京都で活躍する若手女性和菓子職人に、数ある和菓子の中で、つくり手の目線から見て素晴らしいと思う甘味を教えてもらいました。左京区で「茶房一倫」を営む藤田さんが教えてくれたのは「あんこがおいしいお店」。奥深いあんこの世界をのぞいてみてください。
【教えてくれた人】知る人ぞ知る、左京区の隠れ家的和菓子喫茶の店主・藤田倫子さん
自分らしい和菓子を目指して、日々精進を続ける和菓子職人。
男の世界と思われがちな和菓子界ですが、実は、今、若い女性で和菓子作りを生業とする人が増えています。
その一人が、京都生まれ、京都育ちの藤田倫子さんです。和菓子好きが高じて、京都市内のお茶屋や和菓子店で勤務したのち、左京区で「茶房一倫」を営んでいます。
奥深いあんこの世界へ・・・
修行時代、京都中の和菓子店を食べ歩いたという藤田さんに「あんこがおいしいお店」を教えてもらいました。
「あんこは和菓子にとって必要不可欠ですが、自然の産物である小豆は、その時々で炊き方を変えなければいけないほど繊細なんです。素材や炊き方を含めて、お店の個性が出やすいところですね」
まず教えてくれたのは、おはぎ専門店「今西軒」のこしあんのおはぎです。
【その1】「おはぎ道」を貫く店主渾身のこしあん
「何年も前に食べて以来ですが、今でも味を思い出せるくらい衝撃的でした。こしあんは、舌の上ですっと溶けて、常温なのにひんやりとした感じがするほどの滑らかさです」
藤田さんがそう絶賛する「今西軒のおはぎ」。京都で知らない人はいないほどのおはぎ専門店です。メニューはきなこ、こしあん、粒あんの3種類(各190円)のみという潔さ。平日でも、開店前から行列ができ、昼過ぎには売り切れてしまうほどの人気です。
おはぎ一筋に人生をかけた4代目が、2〜3日かけて炊き上げたあんこ、是非ご賞味ください。
今西軒
【住所】京都市下京区五条通烏丸西入一筋目下ル横諏訪町312
【電話】075-351-5825
【営業時間】9:30〜売り切れ迄
【定休日】火曜・第1、第3、第5月曜(6〜8月は毎週月曜・火曜)
※持ち帰りのみ。予約がベター。
【その2】つやつやの粒あんは、まるで宝石みたい!
こしあんとは変わって、粒あんは「艶やかさ」が重視されます。
老舗和菓子店「茶寮 宝泉 」はぜんざいの粒あんが絶品なのだそう。
「粒あんは、皮が割れないように炊くことが大切なんですが、これがとても難しいんです。宝泉では、丹波大納言小豆を丁寧に炊いていて、艶やかな赤色がまるで宝石のよう。ぜひ、召し上がってみてください」と藤田さん。
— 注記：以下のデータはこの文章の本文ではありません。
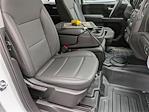 2025 Chevrolet Silverado 3500 Crew Cab DRW 4WD Monroe Truck Equipment Dump Truck for sale #49004 - photo 27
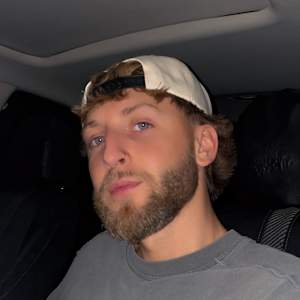 Dalton Beavers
上質な丹波大納言小豆をふんわりやわらかに炊き上げ、自家製の焼き餅を添えた大納言ぜんざい(1,150円)。「より多くの人においしい小豆を食べてほしい」という店主の思いが込められ、素材の味が活きた逸品です。
茶寮 宝泉
【住所】京都市左京区下鴨西高木町25
【電話】075-712-1270
【営業時間】10:00〜17:00(L.O.16:45)
【定休日】水曜・木曜(祝日の場合、翌平日休み)
【HP】http://www.housendo.com/
※席の予約不可。
【その3】和菓子なのにみずみずしい!
最後に教えてくれたのは、「御菓子司 聚洸」のきんとん。
「引き算の美学」を感じさせる人気の和菓子店です。写真は、自家製のこしあんのまわりに「小田巻」という道具できんとん生地をまとわせた愛らしい「花宴(はなのえん)」(320円)。予約時に季節の和菓子を数種類注文するのがおすすめ。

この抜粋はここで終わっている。